Implicit Differentiation and Related Rates Study Guide

Step 1: Differentiation Across the Equality: The process begins by differentiating both sides of the equation with respect to $x$ .
Step 2: Isolation of Differential Terms: Collect all resulting terms that involve $\frac{dy}{dx}$ onto one side of the equation. Simultaneously, move all terms that do not contain $\frac{dy}{dx}$ to the opposite side of the equation.
Step 3: Factoring: On the side of the equation containing the differential terms, factor out $\frac{dy}{dx}$ .
Step 4: Solving for the Derivative: Isolate $\frac{dy}{dx}$ to obtain the final expression for the derivative.

Existence of the Derivative: The expression $\frac{dy}{dx}$ is mathematically meaningless for an equation that yields no solution points or contains only a single point (as illustrated in Example 3A).
Geometric Representation of the Derivative: If a specific segment of a graph can be represented by a differentiable function, then $\frac{dy}{dx}$ represents the slope of the curve at every individual point along that segment.
Criteria for Non-Differentiability: A segment of a function or a curve is considered not differentiable at specific points where the segment meets either of the following conditions: * Condition A: The segment possesses a vertical tangent line at that point. * Condition B: The segment is not continuous at that point.

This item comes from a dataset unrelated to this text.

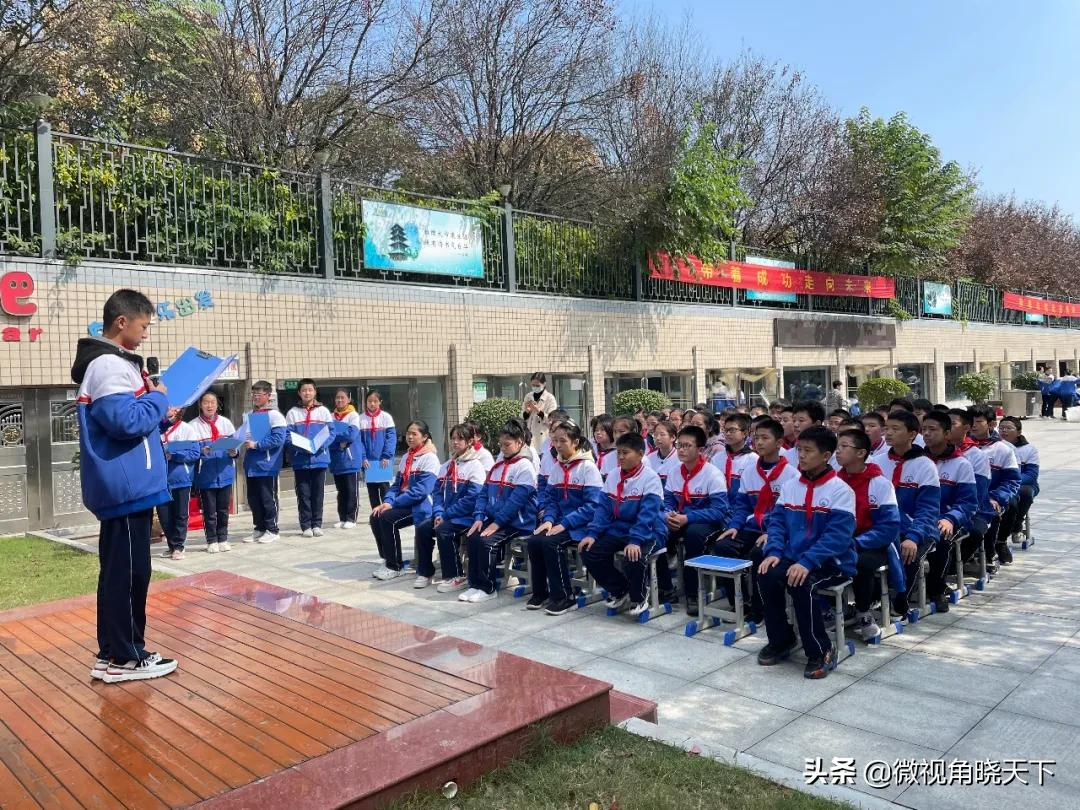 信陽浉河中學舉行“陽光小講壇”活動(圖14) 信陽浉河中學舉行“陽光小講壇”活動(圖14)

Definition: A Normal Line is defined as a line that is perpendicular to a curve at a specific point.
Comparison to Tangent Lines: Producing the equation for a normal line is similar to finding a tangent line. However, instead of utilizing a slope equal to the derivative value at the point, the normal line utilizes the opposite reciprocal of that derivative value.

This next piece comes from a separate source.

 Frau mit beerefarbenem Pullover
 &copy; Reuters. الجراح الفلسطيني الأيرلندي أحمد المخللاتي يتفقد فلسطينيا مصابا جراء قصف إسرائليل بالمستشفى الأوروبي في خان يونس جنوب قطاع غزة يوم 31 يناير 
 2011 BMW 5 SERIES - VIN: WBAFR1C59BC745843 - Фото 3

Conceptual Shift: In previous derivative studies, variables $x$ and $y$ were related directly, with $\frac{dy}{dx}$ representing how changes in $x$ cause specific changes in $y$ .
Temporal Differentiation: Related Rates problems typically involve scenarios where both variables— $x$ and $y$ —change simultaneously with respect to time ( $t$ ).
Dynamic Relationships: Over a certain period of time, while $x$ is changing and $y$ is changing in a different manner, the two variables remain related to one another.
Differential Components: In these problems, rather than dealing with $\frac{dy}{dx}$ directly, the focus shifts to the individual rates of change relative to time: $\frac{dy}{dt}$ and $\frac{dx}{dt}$ .

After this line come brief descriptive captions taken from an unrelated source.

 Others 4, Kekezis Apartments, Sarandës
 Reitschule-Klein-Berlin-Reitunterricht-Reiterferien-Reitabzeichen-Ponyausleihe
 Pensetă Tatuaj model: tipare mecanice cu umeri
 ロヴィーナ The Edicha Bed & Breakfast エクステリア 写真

The Governing Equation: You must identify or create an equation that relates the variables involved. Common relationships include: * Variables $x$ and $y$ . * Area ( $A$ ) and radius ( $r$ ). * Volume ( $V$ ), radius ( $r$ ), and height ( $h$ ). * Visual Aid: It is often necessary or highly helpful to draw a picture before attempting to construct the governing equation.
The Given Rate: Problems identify a specific rate relating a variable to time (such as $\frac{dx}{dt}$ ). * Scope of the Rate: It is critical to read closely to determine if the given rate applies only to a specific value of the variable or if it represents the rate for all possible values of that variable.
The Objective (Desired Rate): The goal is usually to find the rate of change for a different variable with respect to time (e.g., $\frac{dy}{dt}$ ) at the exact moment or value specified by the given information.